Application of the 1300 tags list obtained from the Stack Overflow platform to annotate the content of OJAs revealed some challenges in using it for data extraction. The first challenge is related to the presence of terms. Recruiters may not mention some essential skills. For example, as “Drupal” is a free and open-source web content management system written in “PHP”, someone can assume that the knowledge of “PHP” suffices to be mentioned in OJAs to recruit a person who will be capable of using Drupal. Nevertheless, looking at terms that were missing in OJAs but present in skills classification could help identify the IT technologies that have become obsolete. For example, the knowledge of programming languages like Pascal, designed in 1969, or Prolog, developed in 1972, which became replaced by other programming languages in the meantime, may have disappeared from OJAs for such reason. Conversely, looking at the list of programming languages requested by employers and not included yet in ESCO classification, we could identify new relevant skill terms. For example, Golang (sometimes termed Go Programming Language) would be one of them.

The second challenge is related to the fact that the names of IT technologies are usually one-word terms with double meanings. For that reason, when used for information extraction, they might be confused with other non-relevant terms in the context of digital skills. Therefore, the inclusion of new terms to the existing classification needs to be proceeded with the evaluation by human experts and the development of training data sets. For example, the high detection of demand in OJAs written in a specific language compared to overall demand might indicate that the skill term has a double meaning. Specifically, the term “lua” means “to contact” or “to get” in Romanian and was detected in OJAs written in Romanian more frequently compared to other languages. The same regarded term, “Sprache”, which is a lightweight library for constructing parsers directly in C# code, but in German, this term also means “language”. It could be easily confused by algorithms with requirements about the ability to speak foreign languages.

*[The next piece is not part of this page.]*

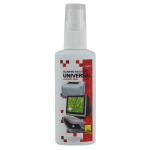 Universaalne puhastusvahend LOGO pihustiga 50 ml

Furthermore, cross-checking the data at the occupational level may reveal other problems related to a double meaning of some terms. For example, the term “Rails” used for tagging questions related to a web application framework written in Ruby may lead to incorrectly identifying IT skills for the occupation of plasterers. In the OJAs recruiting for roles as plasterers, we may find the word “rails”, which does not refer to digital skills (e.g. “we search for a person who knows how to install rails, smooth walls, etc.”). Similarly, tag “Lager” is not only a type of beer but also a logging framework for Erlang, in which case the digital skill could be mistakenly annotated for the occupations related to brewery as workplace. Another example is the operating system called “Pick”. Analogously to the example with “lua”, the term “pick” can also be found in other contexts than as a reference to the knowledge of the system, e.g. seasonal occupations in agriculture where picking of fruits/vegetables will be required. The term “Jacket” could either point to the requirement of knowledge of numerical computing platforms enabling GPU acceleration of MATLAB-based codes or could come from OJA recruitment of someone possessing tailoring skills. The term “Rivets” is a C++ class library which provides the infrastructure and calculational tools for particle-level analyses for high-energy collider experiments. But if it is used in a non-digital context, it could mean the physical skill of an assembly cell operator or welding operator. Finally, the tag “Intern”, a JavaScript testing framework, could be confused with vacancies targeting recruitment of interns.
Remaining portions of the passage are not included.